# MSc: Complex Networks and Statistical Data Depths

### Abstract

A statistical data depth $d(x, \mathbb{P})$ is a measure of *depth* or *outlyingness* of a sample $x \in \mathbb{R}^p$ with respect to its underlying distribution $\mathbb{P}$ and it provides a centre-outward ordering of sample points.
It can be used to estimate, non-parametrically, location, scale, skewness an other data characteristics.
The deepest point can be seen as multivariate Zuo, 2000a or functionalNieto-reyes, 2016 extension of the median; the trimmed regions of percentiles.
Therefore depths are extremely important, since they enable us to generalise statistical tools like e.g. boxplots, DD-plots, test of hypothesis to more complex data Liu, 1999.
Local versions of depth are also studied Agostinelli, 2011.
Defining a depth for networks would mean the possibility to extend to graphs and complex networks these grounded descriptive and inference methods.
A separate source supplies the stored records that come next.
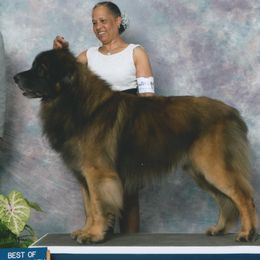 Leonbergers from Copper Moon Leonbergers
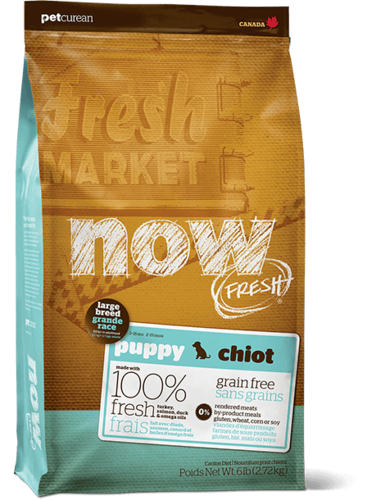 נאו מזון לגור גזע גדול NOW Grain Free Large Breed Puppy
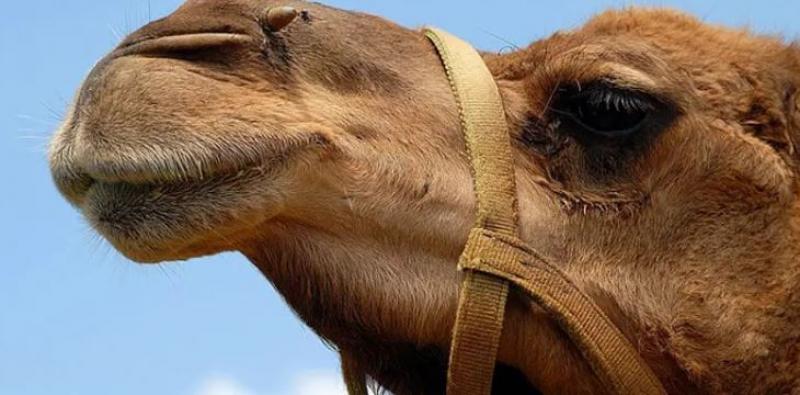 الجارديان المصرية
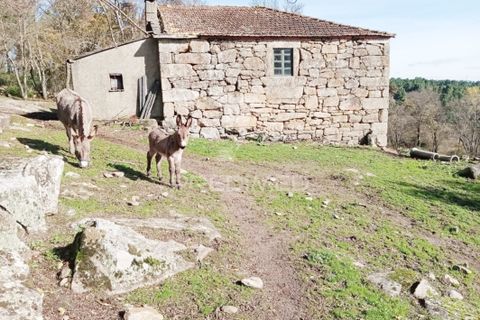 Landejendom i Vila Real, Vila Real, Vila Real - € 100.000 | Ref: 060704 - foto 5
The problem with networks is that they do not come with a space, so before applying them the projected Tukey depth (PTD), a newly defined variation on the well-known halfspace Tukey depth, they need to be embedded in space. This can be achieved through a classical multidimensional scaling of a distance matrix. Two options are here available:

- $D_{sp}$, shortest path between pairs of nodes, or
- $D_t$ diffusion distance De Domenico PhysRevLett.118.168301, 2017, a metric defined as the probability of two random walkers starting from vertices $u, v$ respectively to meet somewhere in the network within the diffusion time $t$.
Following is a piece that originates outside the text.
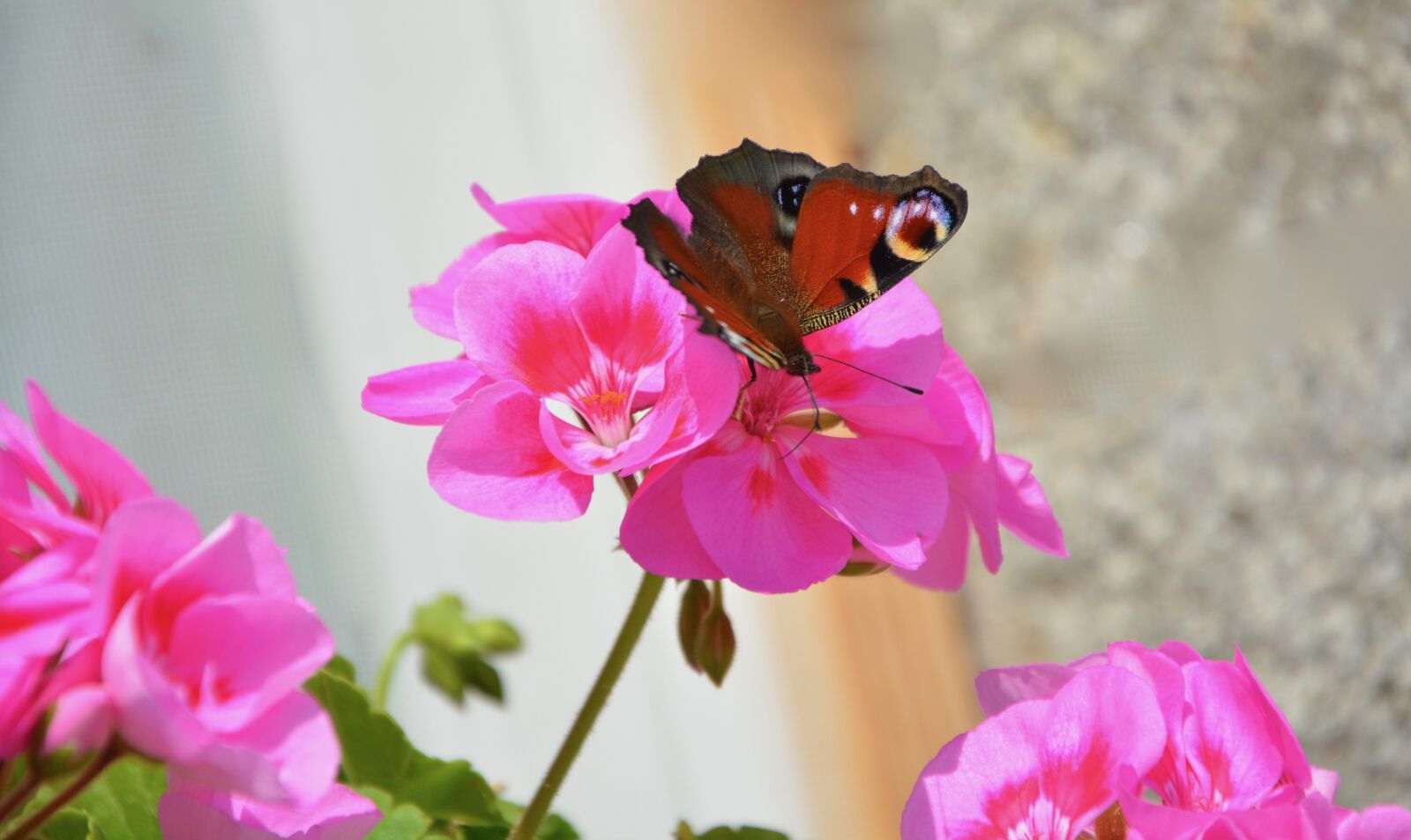 Nikon D5200 sample photo. Butterfly, ask, forage photography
The free parameters are $p$, the dimension of the embedding space and $t$, diffusion time in case diffusion maps embedding. If $p$ is very small most of the information contained in the data is lost and this results in a random centrality of nodes; whereas if $p$ is too large compared to the number $N$ of nodes the sample becomes excessively diluted in $\mathbb{R}^p$, so there is not enough information for significant inference and all vertices appear to have the same depth, with some negligible fluctuations. In between we observe a range of values for $p$ for which nodes depth ranking remains stable. This, together with evaluation of the statistical content of the reduced sample enables us to select a proper embedding dimension. As shown in Coifman, 2006, $t$ plays the role of scale parameter since computing $D_t(u, v)$ involves summing over all paths between $u$ and $v$ of length at most $t$. This was further shown in De Domenico, PhysRevLett.118.168301, 2017 by direct application on complex networks: small values uncover the micro-scale structures and increasing $t$ uncovers the macro-scale.